EIGHT DAYS Across Our SCEPTERED ISLE
Wednesday
Ibreakfasted under a canopy of plane tree leaves at an outdoor café on the southside of Berkeley Square my first morning in London. A Mayfair walk zigzagged uphill to Bond Street and on north to Brooke Street and the Handel House Museum. I met Jennifer Dorn and her husband Richard there; we sat at a café in the square and visited over coffee. Next, I was off to the Press View of the Summer Exhibition at the Royal Academy, ducking through Burlington Arcade as a shortcut. I ran into Lizzie Meadows, to our mutual surprise. She was at the RA for Mayfair Life, whose current issue features her profile of Royal Academy president Sir Nicholas Grimshaw. We’d already planned to meet Friday in Norfolk.

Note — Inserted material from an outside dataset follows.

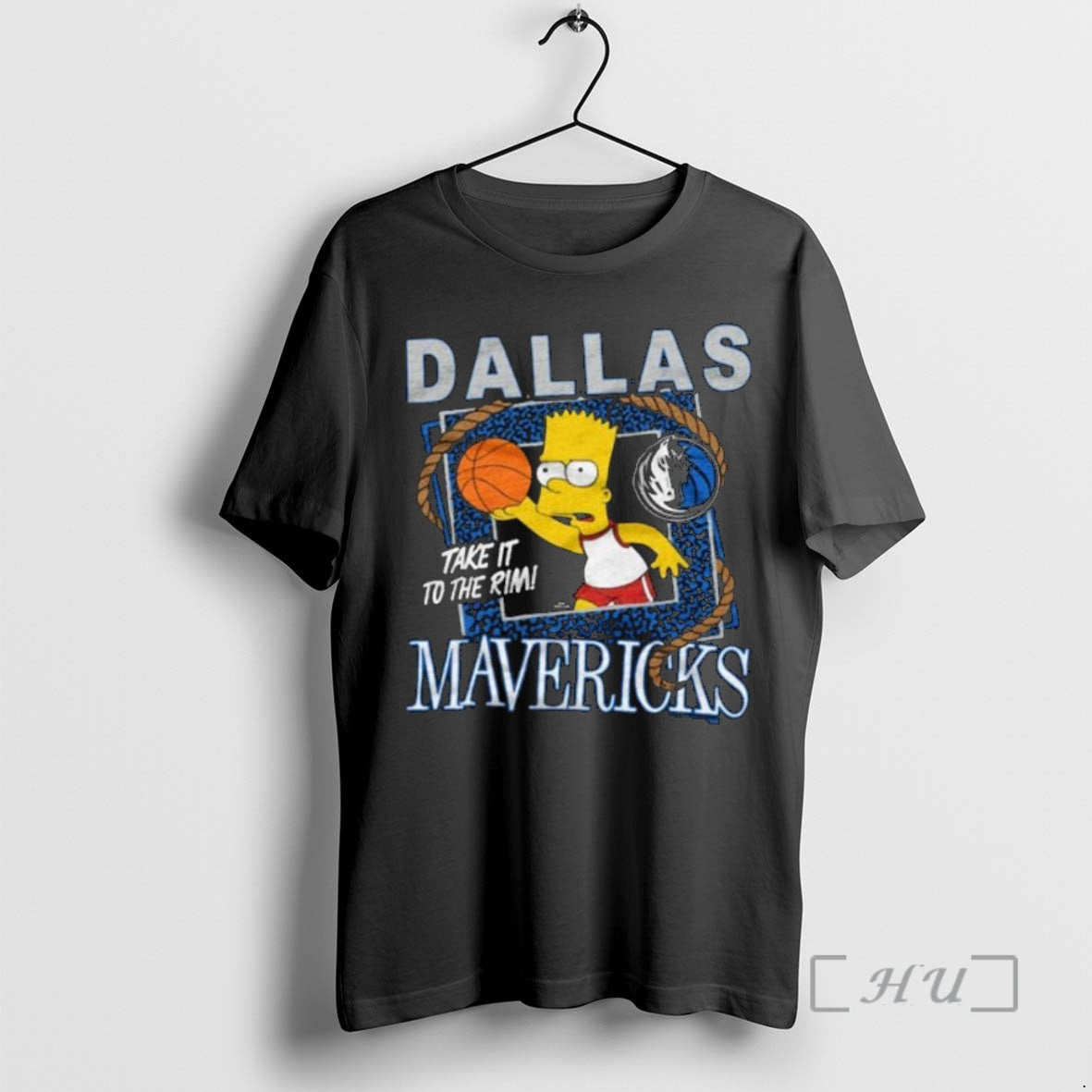 Officials The Simpsons Bart X Dallas Mavericks Shirt Hoodie Sweatshirt | PurePodTees.com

That afternoon I visited the Dickens House Museum in Bloomsbury to take some pictures, and ate a late lunch baguette in Red Lion Square (see “Streetlights,” September 2006). At 6:30 I rendezvoused with old friend Kate Levy, head of production for Avanti Screen-media. We caught up over drinks at Shepherds Tavern. When she whooshed out to the suburbs, I went out for the evening. It was hot in London, and the English summer twilight lingers after 10. I walked up Piccadilly and Shaftesbury Avenue to the Punjab. It was wonderful to see Mr. Maan again and to present him with British Heritage copies carrying Jennie Dorn’s story on the Punjab (see “Historic London Dining,” May 2006). The pappadoms and prawn bhuna were very bliss. Dark was falling, and the city was taking on its night pulse as I strode back through Soho and Carnaby Street to the quieter precincts of Mayfair.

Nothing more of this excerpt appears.